Ball Family Part of Lane's End History

Ball Family's Parade Clown has home field advantage in Lane's End.

(Edited Turfway Park release)

Although most of the field for Saturday’s Lane’s End Stakes (gr. II) will have journeyed to Turfway Park from all parts of the country, Saturday’s race is a veritable home game for Parade Clown. The son of Distorted Humor  made his last four starts at the track, never finishing worse than second, including a fine runner-up finish in the Feb. 28 John Battaglia Memorial, the traditional local prep for the Lane’s End. 
“In the Battaglia, he was aggressive, ended up five-wide around the first turn, and still got beat just a length,” said Parade Clown’s trainer Katherine (K. K.) Ball. “That was frustrating, but he still was finishing at the end.”
In addition to the local angle, family and historical ties connect Parade Clown to the Lane’s End Stakes. Ball trains Parade Clown for her in-laws, Don and Mira Ball of Donamire Farm. Don Ball won this race as a trainer for Donamire in 1975, when he saddled Ambassador’s Image to capture one of two divisions of the race, known then as the Spiral Stakes. Back then the victory meant the lion’s share of a $25,000 purse--20 times less than the value of this year’s renewal. When it came time to decide whether to run Parade Clown in the Lane’s End or in the $100,000 Rushaway Stakes on the undercard, it was a family decision.
“I’ve been watching the preps,” said Katherine Ball. “Most of these 3-year-olds are lightly raced, and they’re changing.  He’s already run against most of the horses in the Rushaway, so we wanted to try for the big race.” 
Lane’s End contestants had better lace up their running shoes if they plan to wrest the early lead from Louisiana shipper Orthodox. Trained and co-owned by John Glenney, Orthodox has gone straight to the early lead in each of his last four races, including a wire-to-wire score last time out in a Fair Grounds allowance turf event.
“He can rate if need be,” said Glenney, “but I like that he is a proven frontrunner because usually people will then just give him the lead. Of course, we’re not going to want to get involved in any suicidal speed duels, but I do expect him to rush out there and go straight to the front.”
Orthodox’s two career wins have come over the turf and he was third and fifth in his only two all-weather efforts, both at Del Mar last year. Yet Glenney is bullish about his horse’s ability to handle the Turfway Polytrack.
“He’s trained on Polytrack extensively and raced on it a couple of times,” he said. “It just happened that his two races over it took place at a time when he was just starting to come around. I think he’s probably as good on Polytrack as on grass. If he doesn’t do well on Saturday, we can always go back to the turf. If he does do well, then it opens up a lot of intriguing options for us.”
Orthodox shipped yesterday from New Orleans to Keeneland.
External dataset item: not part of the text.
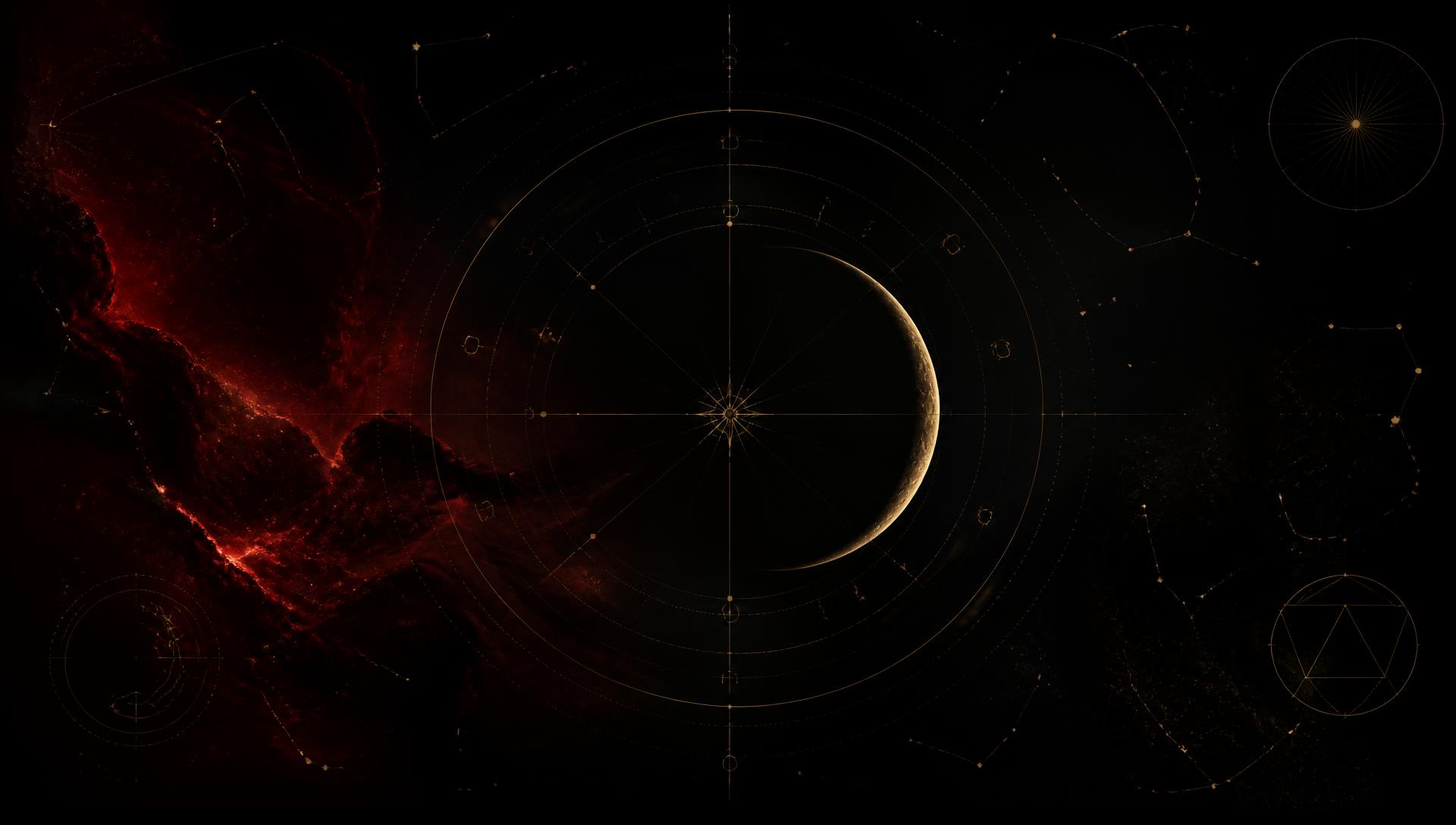 Crescent moon and constellation map over a deep red nebula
He will be vanned from Keeneland to Turfway Park the morning of the Lane’s End.
If all goes according to plan for trainer Kelly Breen, West Side Bernie will go straight from the Lane’s End to the Kentucky Derby Presented by Yum! Brands (gr. I). “I think his running well at Delta Downs in the million-dollar race (Delta Downs Jackpot Dec. 5) gave him enough earnings that I could take my time with him.  His next race for me would be the Kentucky Derby. I would not run him again. I would save him, and I think that would help him. I’m looking for him to run a big race on Saturday. He’s matured a lot. He’s more focused now. He’s running straight. He’s run enough already against the elite horses that I’d say he belongs in the Derby.”
One prospect Breen is not thrilled about is the possibility of an outside post. “If, God forbid, we drew 12 out of 12, we’d have to consider what to do. Part of why we came here is because Gulfstream Park has been speed biased at a mile and an eighth. But we’re here. I think we’re going to be the favorite or one of the favorites. We’re here to win.”
Michael Maker, trainer of Jack Spratt, clearly disagrees with Breen on Turfway Park’s post position philosophy. “I’m actually hoping for an outside draw,” said Maker, who has won with 41% of his starters at the current Turfway meeting. “Don’t get me wrong; the best horse can win from down inside. But I think the best place to be is stalking from the middle or outside.”
Maker also parts ways with Breen in terms of future plans for his Lane’s End entrant. Maker feels Jack Spratt was simply overpowered on the dirt last time out in the Fountain of Youth (gr. II) at Gulfstream Feb. 28. He feels his horse’s future is on all-weather racing surfaces. “If it was all up to me, if we were fortunate enough to win the Lane’s End, I’d have no illusions about going on to the Derby,” Maker said.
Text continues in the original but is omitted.